The 2nd team is small, currently only has 5 people not including the testers that come in when needed. Each of the people have different skills sets. When a project requires their skills a new team is pulled together for the duration of the work. They seem to work more agile than the other team but have their own challenges. Like managing operation support work as well as project work. Managing the context switching between projects and the carry over small bugs / warranty period from the previous project’s go live.
Then I was talking to family on the weekend and they have a small business with 7 developers and multiple projects on the go. They are struggling with their standups taking 45 mins as they want to be able to ‘walk the board’ but the tool they are using doesn’t support that easily. There is no transparency of the work that the team complete each day and are working on and what needs doing across all the projects.
So off to Google I went and found the following conversations threads and articles:
- https://davidmarquis.wordpress.com/2011/12/03/small-team-multiple-projects-agile-planning/ This is also a good article on planning for the team with multiple projects.
- https://www.scrum.org/forum/scrum-forum/6121/multiple-projects-multiple-clients-same-dev-team-advice-appreciated – talks about Kanban boards for visibility
- “https://pm.stackexchange.com/questions/11083/how-can-we-manage-multiple-projects-as-one-small-scrum-team This one has a good conversation around Kanban and scrum process with a single backlog for all project items and short weekly sprints.
- https://www.linkedin.com/pulse/multiple-scrum-projects-small-teams-gray-agile-areas-jordi-rif%C3%A0/ – this one talks about having really short sprints and focusing on a single project for 2-3 days before switching. A lot of the feedback was around don’t context switch. Sprint lengths don’t have to be 2 weeks they can be as short as 3 days.

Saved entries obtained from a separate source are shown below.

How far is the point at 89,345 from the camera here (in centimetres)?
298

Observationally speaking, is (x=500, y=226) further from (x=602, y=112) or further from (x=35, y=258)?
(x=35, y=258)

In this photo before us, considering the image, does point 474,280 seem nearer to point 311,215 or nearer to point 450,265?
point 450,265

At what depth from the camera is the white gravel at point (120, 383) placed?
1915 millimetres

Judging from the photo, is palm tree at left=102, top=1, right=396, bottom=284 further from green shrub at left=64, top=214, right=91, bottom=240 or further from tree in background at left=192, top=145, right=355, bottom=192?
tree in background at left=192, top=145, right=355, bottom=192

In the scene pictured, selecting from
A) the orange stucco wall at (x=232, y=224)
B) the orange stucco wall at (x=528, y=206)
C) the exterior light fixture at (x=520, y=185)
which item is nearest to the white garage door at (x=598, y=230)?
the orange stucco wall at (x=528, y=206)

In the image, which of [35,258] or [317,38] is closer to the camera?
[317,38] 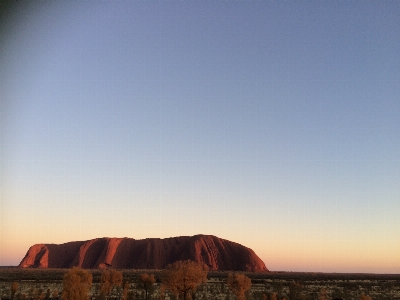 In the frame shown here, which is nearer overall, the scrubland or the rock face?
the scrubland

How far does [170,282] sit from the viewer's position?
142ft

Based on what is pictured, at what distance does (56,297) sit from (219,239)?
126 metres

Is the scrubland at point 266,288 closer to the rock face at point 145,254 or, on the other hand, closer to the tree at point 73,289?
the tree at point 73,289

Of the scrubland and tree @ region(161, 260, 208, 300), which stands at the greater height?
tree @ region(161, 260, 208, 300)

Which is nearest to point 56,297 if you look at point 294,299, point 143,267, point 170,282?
point 170,282

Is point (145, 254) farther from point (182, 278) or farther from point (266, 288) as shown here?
point (182, 278)

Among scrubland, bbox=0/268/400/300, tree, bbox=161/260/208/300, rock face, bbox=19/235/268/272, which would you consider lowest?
scrubland, bbox=0/268/400/300

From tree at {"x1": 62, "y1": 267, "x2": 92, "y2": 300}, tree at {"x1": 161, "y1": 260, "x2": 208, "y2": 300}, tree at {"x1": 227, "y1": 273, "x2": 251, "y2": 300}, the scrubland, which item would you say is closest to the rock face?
the scrubland

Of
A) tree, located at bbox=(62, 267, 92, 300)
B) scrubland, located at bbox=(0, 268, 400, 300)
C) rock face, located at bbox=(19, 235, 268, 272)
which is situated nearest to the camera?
tree, located at bbox=(62, 267, 92, 300)

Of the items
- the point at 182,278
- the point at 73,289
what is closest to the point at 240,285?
the point at 182,278

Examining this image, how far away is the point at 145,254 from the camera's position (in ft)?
519

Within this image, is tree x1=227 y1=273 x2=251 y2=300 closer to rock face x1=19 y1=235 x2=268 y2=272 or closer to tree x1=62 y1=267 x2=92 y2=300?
tree x1=62 y1=267 x2=92 y2=300

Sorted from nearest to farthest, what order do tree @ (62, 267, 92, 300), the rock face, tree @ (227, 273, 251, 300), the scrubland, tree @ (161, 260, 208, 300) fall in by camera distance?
tree @ (62, 267, 92, 300) → tree @ (161, 260, 208, 300) → tree @ (227, 273, 251, 300) → the scrubland → the rock face

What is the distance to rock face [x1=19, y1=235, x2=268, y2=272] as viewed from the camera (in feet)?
502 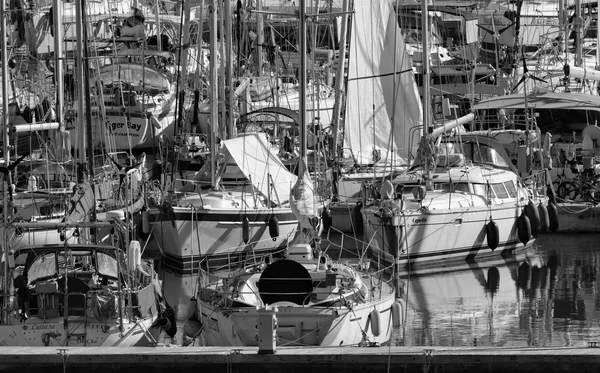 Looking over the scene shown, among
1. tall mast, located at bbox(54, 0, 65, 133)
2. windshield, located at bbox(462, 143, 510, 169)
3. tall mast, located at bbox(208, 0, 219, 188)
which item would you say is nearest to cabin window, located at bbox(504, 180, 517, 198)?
windshield, located at bbox(462, 143, 510, 169)

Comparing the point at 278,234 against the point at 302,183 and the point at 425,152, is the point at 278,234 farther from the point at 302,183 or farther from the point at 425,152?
the point at 302,183

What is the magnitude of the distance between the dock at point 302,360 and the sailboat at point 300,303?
0.59m

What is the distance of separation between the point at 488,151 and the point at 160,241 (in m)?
9.23

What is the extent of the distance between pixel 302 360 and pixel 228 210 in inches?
497

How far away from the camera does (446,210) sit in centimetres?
2939

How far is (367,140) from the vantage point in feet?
118

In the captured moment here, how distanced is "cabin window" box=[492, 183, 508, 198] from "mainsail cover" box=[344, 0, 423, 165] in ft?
13.8

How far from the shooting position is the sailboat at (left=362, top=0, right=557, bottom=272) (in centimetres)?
2891

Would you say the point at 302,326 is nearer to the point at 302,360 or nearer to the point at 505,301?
the point at 302,360

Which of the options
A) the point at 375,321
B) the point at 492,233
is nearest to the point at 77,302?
the point at 375,321

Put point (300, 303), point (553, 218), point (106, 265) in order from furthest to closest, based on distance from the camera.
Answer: point (553, 218), point (106, 265), point (300, 303)

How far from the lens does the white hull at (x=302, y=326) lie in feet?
61.1

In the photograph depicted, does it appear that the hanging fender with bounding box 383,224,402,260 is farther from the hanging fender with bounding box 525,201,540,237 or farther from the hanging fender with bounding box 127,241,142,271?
the hanging fender with bounding box 127,241,142,271

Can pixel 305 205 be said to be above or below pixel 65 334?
above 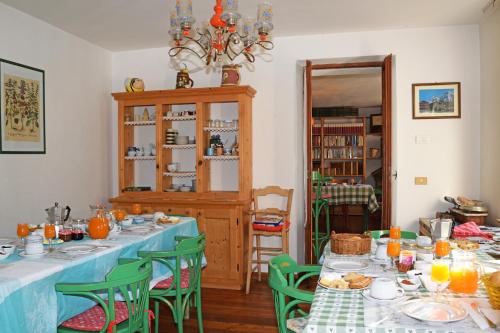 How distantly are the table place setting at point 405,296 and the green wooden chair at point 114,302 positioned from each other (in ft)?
2.89

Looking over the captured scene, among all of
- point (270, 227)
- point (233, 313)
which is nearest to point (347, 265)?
point (233, 313)

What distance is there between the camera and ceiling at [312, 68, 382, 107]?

- https://medium.com/@anttihavanko/how-to-handle-multiple-projects-with-a-small-team-ebdfde5f6714 – another one on the Kanban board and the team pulling active work items for the sprint and having a theme for the sprint. This way really requires the product owner or project manager to prioritise and maintain the backlog items.
Summary:
our team at work might benefit from work streams as we already have the kanban board in the directors office for the overall visibility. The team might also benefit from going through this on a regular basis to see the upcoming work and big picture.
My families company might benefit from more transparency with a single backlog and a kanban board that they can talk to in their standups each morning. They might also like to try out shorter sprints, maybe even 3 day ones for a project and work on themes and releases as opposed to projects.